• Source data:
--- --- ---

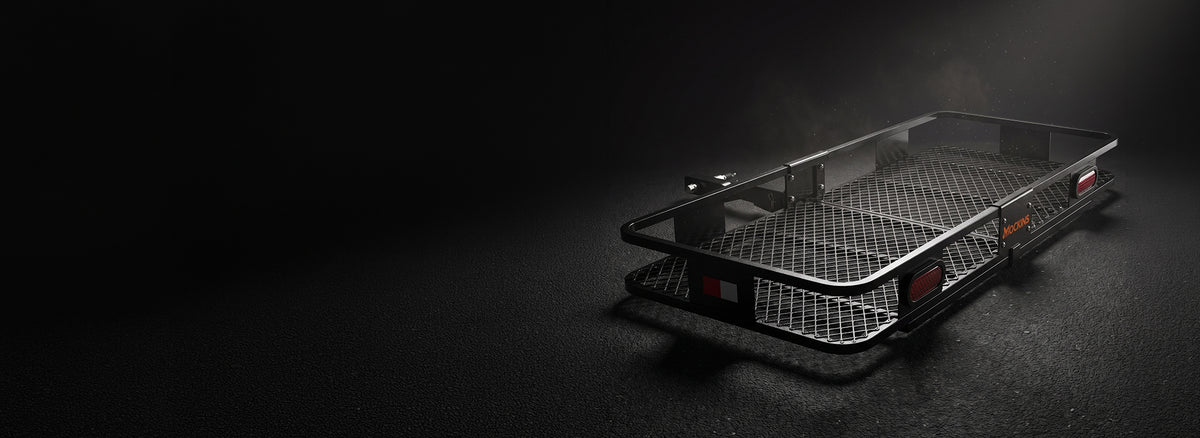 A black metal mesh cargo bed or trailer rack with side rails, photographed on a dark studio background with dramatic side lighting.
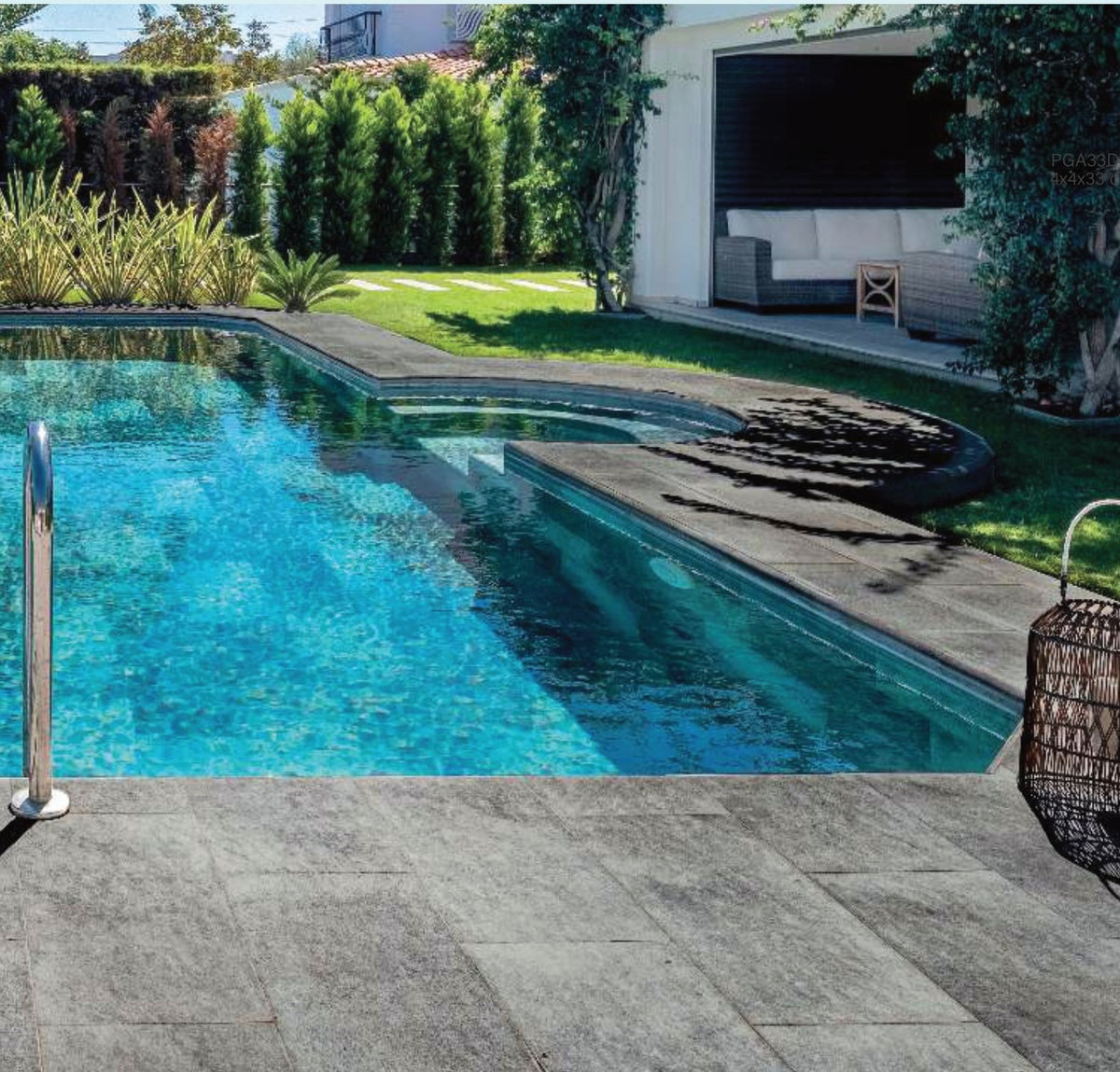 Pool Garden Anthracite porcelain pool deck and coping at the pool edge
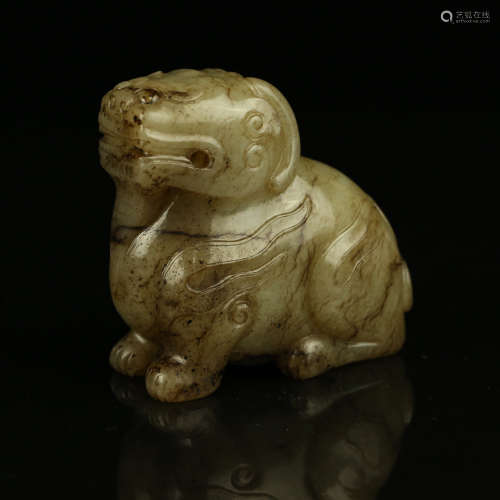 A Chinese Carved Jade Foo-Dog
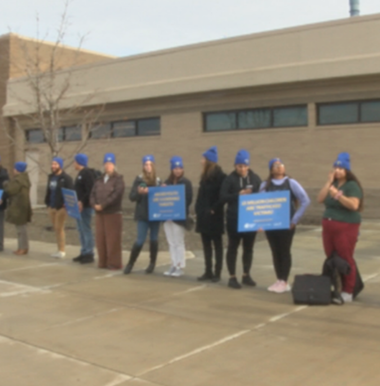 CBC students standing in a line wearing blue beanies and holding signs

--- --- ---

• Exercise prompt: Return the opening line of the data above and every line after it up to and including the line that holds "A Chinese Carved Jade Foo-Dog"; pictures stay out.

• Answer section:
 A black metal mesh cargo bed or trailer rack with side rails, photographed on a dark studio background with dramatic side lighting.
 Pool Garden Anthracite porcelain pool deck and coping at the pool edge
 A Chinese Carved Jade Foo-Dog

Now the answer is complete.